Hit-skips are a problem on Central Ohio roads and victims have been reaching out to ABC6/FOX28 for answers.

"I was going to the bus stop," said hit-skip victim Josheiana Lamar.

Work was wrapping up for the young woman on October 16th near the corner of Ferris Road and Cleveland Avenue, when an instant changed everything.

"It threw me, like a couple feet," said Lamar.

At first, she didn't know what it was, but it turned out to be a car, and the driver didn't stop.

"I walked out of the trees and I was like waving for someone to help me," said Lamar.

Another driver finally did stop and called police.

"I know he felt himself hit me and I think I might have even made eye contact with him," said Lamar.

Lamar has been recovering. She fractured her eye and fears she may lose her teeth. She can't remember much of what happened that day, and the driver and potential witnesses aren't coming forward.

She reached out to ABC6/FOX28 for help.

"Hit-and-run, how many are unsolved? Because that is a big deal," said Lamar.
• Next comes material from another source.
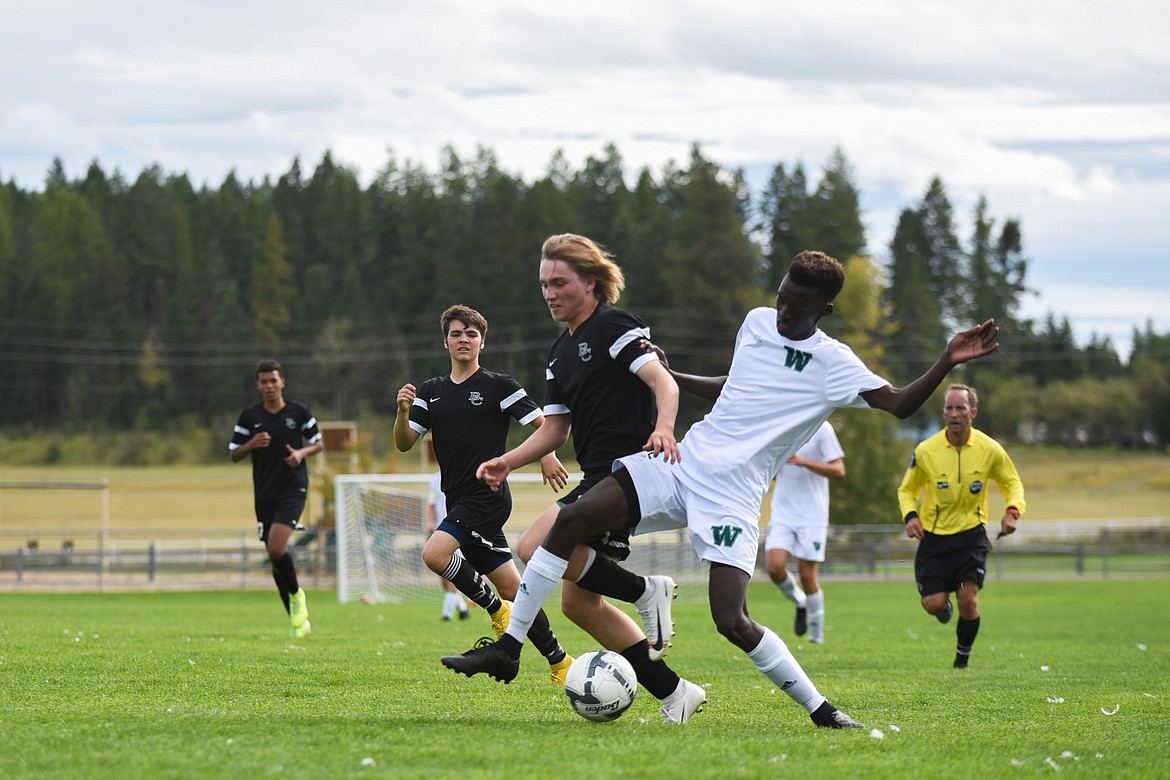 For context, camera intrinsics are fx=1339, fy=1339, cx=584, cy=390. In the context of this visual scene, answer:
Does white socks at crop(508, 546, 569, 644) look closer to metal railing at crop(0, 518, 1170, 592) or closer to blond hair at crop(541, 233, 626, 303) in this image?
blond hair at crop(541, 233, 626, 303)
Sergeant Brooke Wilson leads Columbus Police's Accident Investigation Unit.

"The last couple of months where we had a couple of fatal hit-skips kind of in close proximity, so that is really what I think has been making people more aware of the hit-skip problem," said Lamar.

Numbers provided by Sgt. Wilson help paint the picture. In Franklin County, drivers leave the scene in about one-in-ten crashes in recent years. When they do leave, it can be almost impossible to track those drivers down.

Last year almost 87 percent of hit-skips in Franklin County went unsolved, up from 2015. Most are property hit-skips.

"Somebody is going to make a choice," said Sgt. Wilson. "Are they going to do the right thing?"

If someone sideswipes your car and takes off, the first responding officer has the first responsibility to investigate. There are 13 investigators in the Accident Investigation Unit looking into the rest, which is when someone is seriously hurt or dies.

But, is that enough? Sgt. Wilson said it is not.

"Everybody in the police department wants more people, yes," said Sgt. Wilson.

He said they follow up on thousands of crashes a year. He said even with cameras, some investigations can be dead ends.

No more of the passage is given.